[The records]

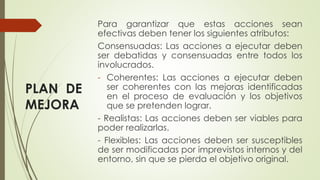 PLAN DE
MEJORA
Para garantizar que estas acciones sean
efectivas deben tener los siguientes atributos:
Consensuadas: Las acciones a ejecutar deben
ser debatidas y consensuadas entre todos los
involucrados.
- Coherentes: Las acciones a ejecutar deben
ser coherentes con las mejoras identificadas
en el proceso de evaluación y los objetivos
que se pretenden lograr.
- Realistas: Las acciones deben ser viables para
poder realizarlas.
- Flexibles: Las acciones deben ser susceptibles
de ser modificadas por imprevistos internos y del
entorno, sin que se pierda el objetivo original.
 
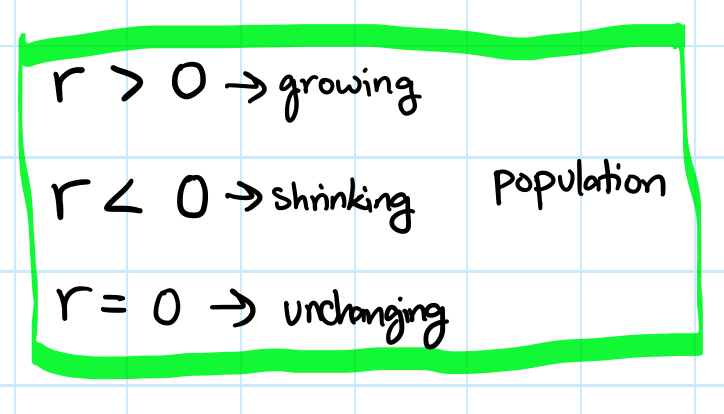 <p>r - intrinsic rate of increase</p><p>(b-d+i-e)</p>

[/The records]
[The records]

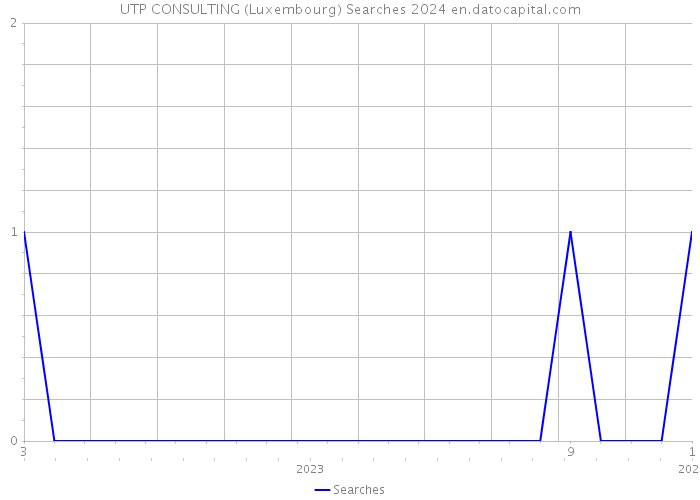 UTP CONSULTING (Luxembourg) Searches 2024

[/The records]
[The records]

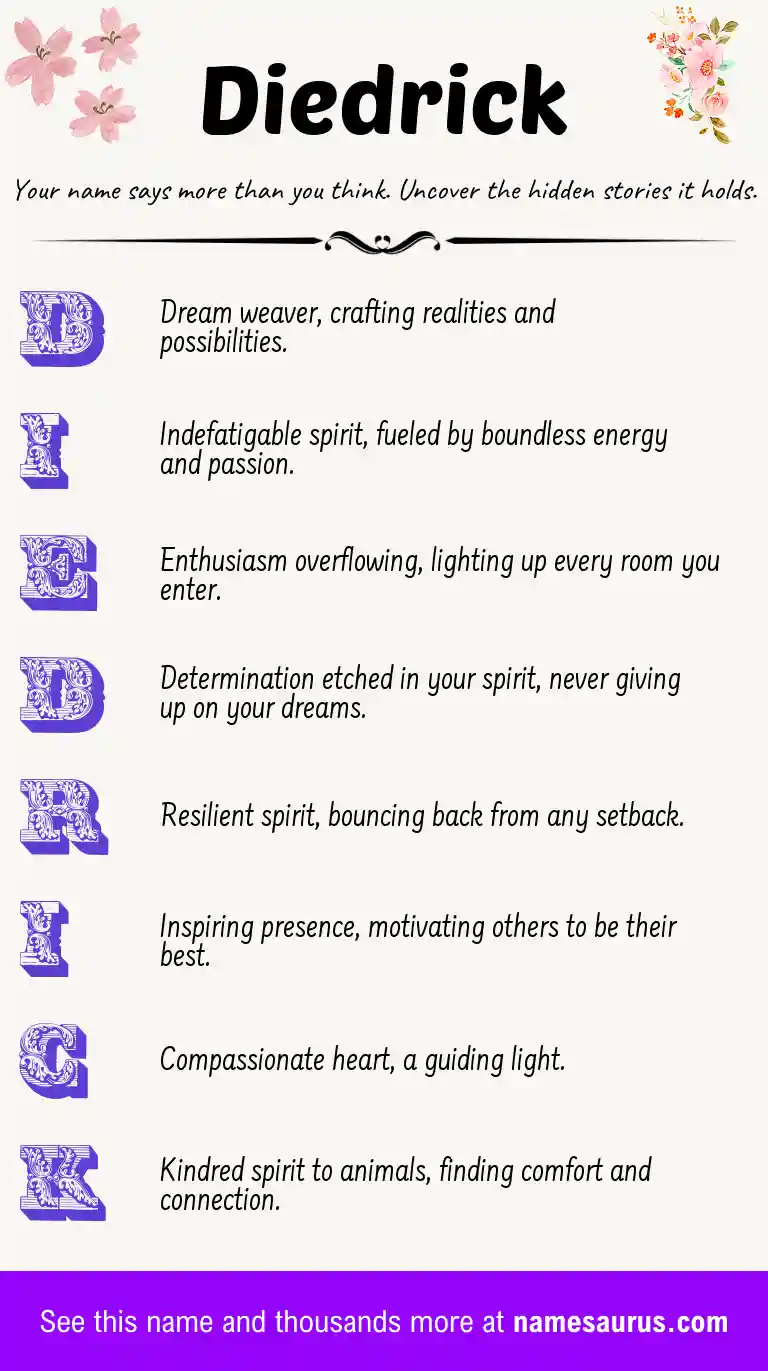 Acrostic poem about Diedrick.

[/The records]

# [The problem]
Find the word "acciones" in the entries, and copy every line it shows up in.

# [Written reply]
Para garantizar que estas acciones sean
Consensuadas: Las acciones a ejecutar deben
- Coherentes: Las acciones a ejecutar deben
- Realistas: Las acciones deben ser viables para
- Flexibles: Las acciones deben ser susceptibles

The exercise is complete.